Wednesday 19 December 2007

Friday 7 December 2007

À maneira do Stieglitz

Qatsi - (hopi) n. vida


Koyaanisqatsi é o primeiro filme da trilogia qatsi de Godfrey Reggio. Trata-se de um documentário que opõe o ambiente natural ao ambiente criado pelo Homem, vivendo somente de imagens e banda sonora.

Desprezando um enredo tradicional, o filme desresponsabiliza-se em relação ao tema e apresenta apenas as imagens criando comparações, deixando o espectador tirar as suas conclusões. No entanto, a forma como essas imagens são exploradas de modo a criar comparações mais explícitas conduz logicamente o espectador e passa uma mensagem subtil. O uso da câmara lenta e da aceleração da imagem obrigam-nos a concentrar nas imagens e analisá-las, descobrindo assim as analogias e ironias sobre o nosso próprio ambiente. Como exemplo, recordo no início do filme a montagem feita com imagens aceleradas de nuvens e em câmara lenta de ondas do mar, evidenciando um padrão semelhante na sua forma e movimento; saliento igualmente uma montagem com os mesmos recursos que contrapunha, com uma atitude mais crítica, o enchimento de salsichas numa fábrica à passagem de pessoas numa série de escadas rolantes.

A série de imagens que desfilam ao longo de 86 minutos, recolhidas entre 1975 e 1982, combinadas com a banda sonora de Philip Glass, mostram, na minha opinião, o resultado das alterações que a humanidade fez ao seu ambiente, de tal maneira que deixamos de viver na Natureza, de onde viemos, e a forma como nos servimos dela para sustentar este ambiente artificial.
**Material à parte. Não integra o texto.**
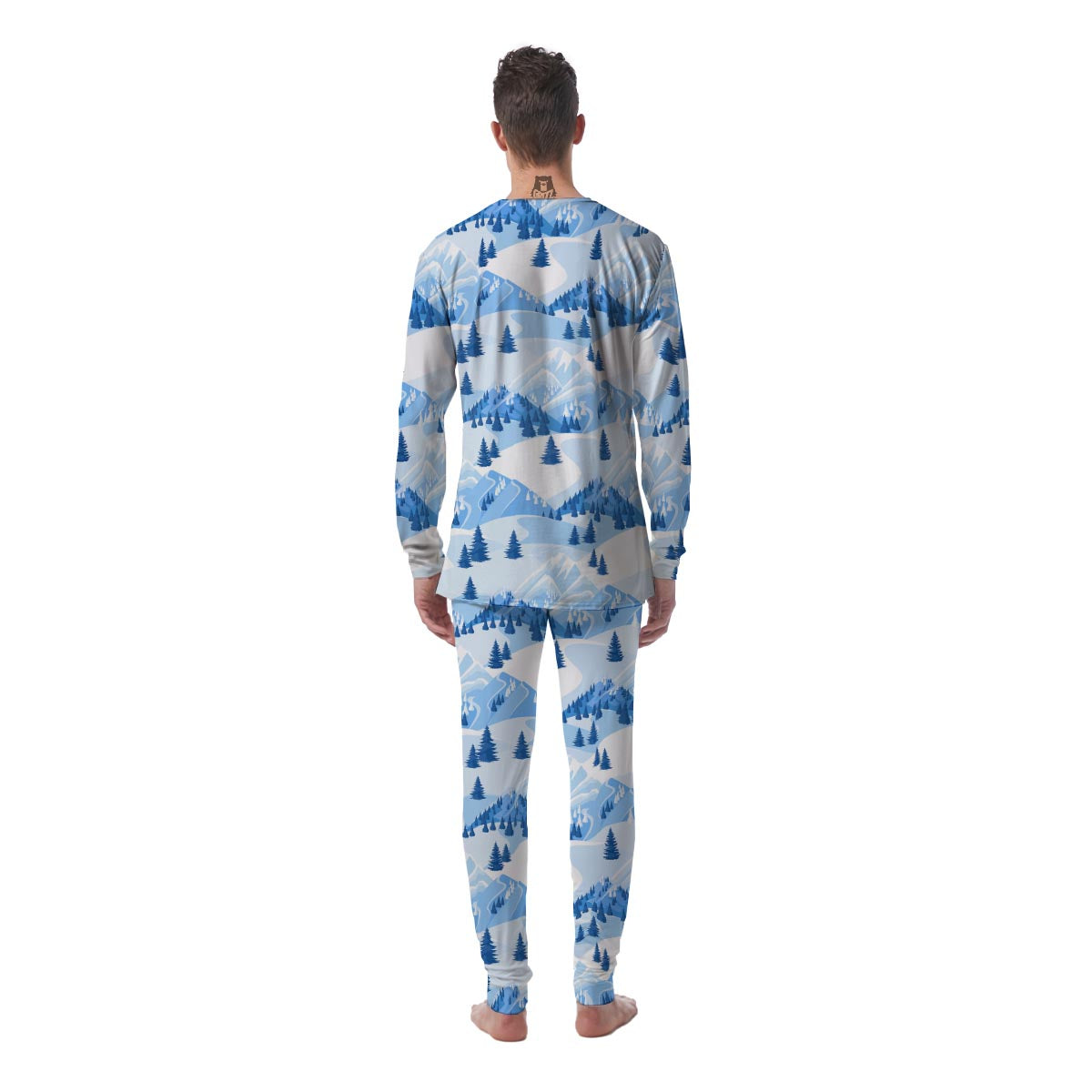 Mountain Skiing Print Pattern Men's Pajamas-grizzshop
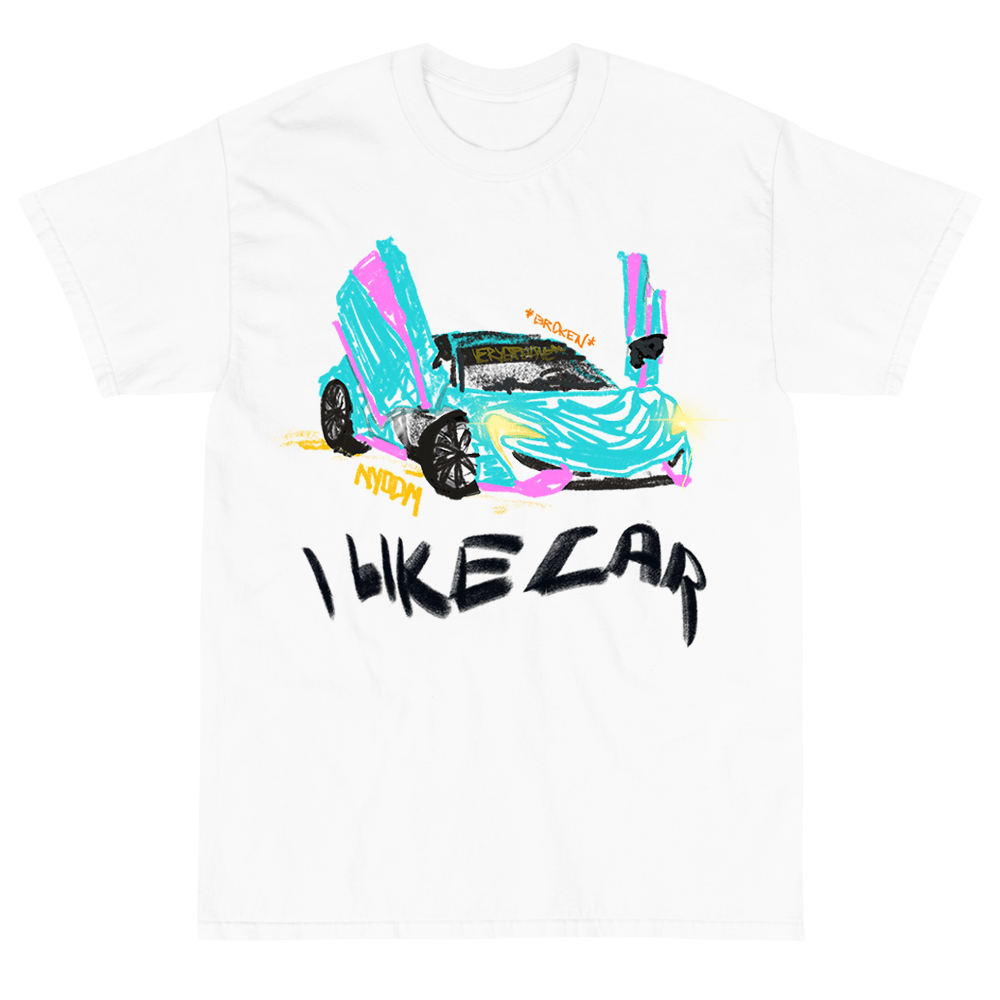 Custom Childish Scribbles Car Design T-Shirt - Very Expensive*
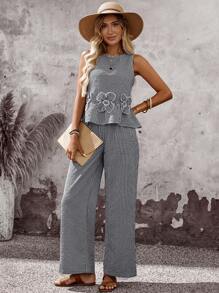 EMERY ROSE Conjunto de dos piezas para mujer, ropa de verano para vacaciones, atuendo para salir de mujer, parte superior para mujer, conjunto de verano con estampado de cuadros para mujer de 2 piezas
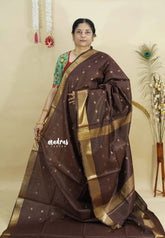 Coffee Brown - Mangalgiri semi pattu buttas body with zari border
Koyaanisqatsi é uma palavra da língua índia Hopi, como é esclarecido no final do filme, e significa “vida em desequilíbrio” («life out of balance; crazy life; life in turmoil; life disintegrating; a state of life that calls for another way of living»). É muito interessante a forma como esta ideia é dada ao longo do filme, por vezes criando uma diferença de ritmos que conduzem as emoções e a leitura do espectador, como por exemplo uma montagem acelerada da vida urbana com um ritmo de exaltação e triunfo (pelas cores, aceleração e música) que pode ser lido como sarcástico quando comparado com o momento em que a exaltação termina abruptamente (com uma mudança radical de escala de plano, ritmo da imagem e da música) e se segue um distanciamento que impõe uma reflexão crua. Esta ideia de koyaanisqatsi está, a meu ver, perfeitamente ilustrada na penúltima cena, na qual se segue o lançamento de um foguetão - a sua longa ascenção, cativante, a sua súbita explosão, chocante, e a sua lenta queda, consternadora.

Numa perspectiva técnica, penso que este é um excelente filme para estudar a força dos planos e enquadramentos, das imagens e formas, e principalmente das velocidades e escalas e do efeito que estes factores têm sobre o espectador. Concluindo, parece-me um exercício muito pertinente, relativamente ao momento em que vivemos, e realizado de uma forma creativa e eficaz.